ブラジルでのワールドカップも決勝リーグになって佳境に差し掛かるところですが、残念ながら日本は予選で敗退してしまいました。コロンビアに負けた時に選手たちは泣いていました。本田は4年間のサッカー人生が間違っていたかの様なことを語り、長友は人目をはばからずに泣いていました。みんな三度の飯よりもサッカーが好きだがら、こんなにも激しく感情が表に出るのだと感じました。そして、先日知人に「三度の飯より好きなものはありますか。それは何ですか」と質問されたことを思い出しました。
 私はその時に「診察で患者さんを治すことです」と答えました。毎日毎日150人前後の患者さんを診察することは、体力的にも精神的にも多くの負担がかかります。外来が始まる8時半が近づくとこれから始まる試練に対して心が折れそうになります。それでもいざ診察が始まって、患者さんが治って喜んでくれた時の顔を見るときの感覚が大変好きで、三度の飯よりも好きなことになるのです。多分サッカーの日本代表選手にとっても、国を代表して戦った試合でチームが勝った時の喜びは、私の感覚の何十倍もの喜びであり、その感覚を再び味わうために日々の努力を行うことが出来るのだと思います
 食欲、性欲、金銭欲など多くの欲を持って人間は生きていますが、日々のたゆまぬ努力をして勝ち取った喜びは、その本能的な喜びよりも1ランク上の喜びなのではないでしょうか。
 人によると「三度の飯よりも好きなものはありません」と答える人も多くいるでしょう。
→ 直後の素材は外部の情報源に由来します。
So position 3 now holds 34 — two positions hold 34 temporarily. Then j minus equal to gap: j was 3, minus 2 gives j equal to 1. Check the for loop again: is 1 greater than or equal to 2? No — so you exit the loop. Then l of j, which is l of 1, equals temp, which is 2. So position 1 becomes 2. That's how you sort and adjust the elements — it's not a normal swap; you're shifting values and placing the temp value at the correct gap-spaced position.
平和で普通の暮らしをする人にとっては、そんな感覚もありだと思いますが、もしも三度の飯よりも好きなものがあるならば、普段の生活の一部の欲望を我慢してでも精進するその先に、本当に欲しいものがあるのだと思います。それがお金儲けであるならば、その人は必ずやお金持ちになるでしょうし、ボランテイアであるなら多くの人から尊敬される人になるだろうし、旅行であるなら世界中を旅して多くの人にその感動を伝える仕事をするであろうし、人それぞれ異なっていて生まれ持ったものの様に思います。
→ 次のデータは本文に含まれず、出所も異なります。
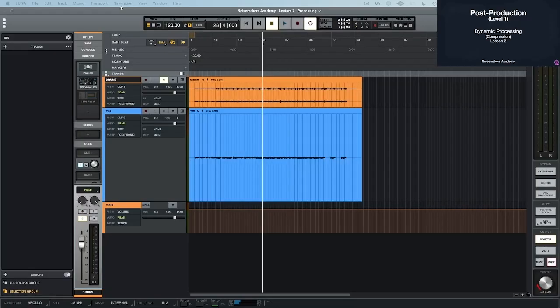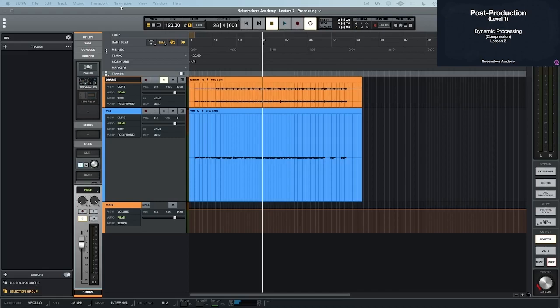And we're back. So welcome to Lecture 8. This is going to be a main focus on dynamic processing, specifically compression on a vocal or compression on drums. But what we're going to do is just work off the processing session as a whole. So we're going to just have one session for all the different types of processing, just so you don't have to keep opening up different sessions and all that kind of stuff. So that being said, let's just jump on it.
 私は人の喜ぶ顔を見るのが好きで、家内や子どもたち、クリニックの職員、患者さんたち、私と接触した全ての人の喜ぶ顔を見るのが好きです。ですからその中でも一度害した健康を取り戻した時の患者さんの喜ぶ顔が最も素敵だから、それが三度の飯よりも好きなことにあたるのだと思います。西洋医学的な知識、漢方薬を駆使した治療法、私の五感全てを使って治療する力はついてきます。日々の精進を少しでも怠ると、すぐに結果は悪い方向に行きます。常に努力してないと患者さんは喜んでくれません。なかなか難しことで、ここが自分の限界ではないかと思うことは毎日あります。拙い自分の脳力を全て使っても力が及ばないことは度々あります。何時まで経っても到達点に達しないからこそ面白くて、死ぬまで努力しなくてはならないこの仕事で頑張れれるのだと思います。
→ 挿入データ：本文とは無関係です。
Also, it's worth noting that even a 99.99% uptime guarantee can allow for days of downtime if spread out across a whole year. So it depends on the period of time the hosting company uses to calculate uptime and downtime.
 皆さんにとって三度の飯よりも好きなものはありますか。あるならばそれは何ですか。一度心に問いかけて見てください。それが今の生活に直結しているものであればそのまま精進してください。好きなものが趣味であっても、他の生活とのバランスがとれていれば最高です。バランスが取れてないならば、何とか頑張ってバランスを取ってください。好きなもののためならば、そのためにの辛い仕事も我慢ができます。全ての生活が好きなものに直結すれば上手く行くようになります。上司に小言を言われても、クライアントからクレームを付けられても好きなもののためなら我慢ができます。
 これからの人生を有意義に過ごすために、心の底から好きなものを問いなおして見て下さいね。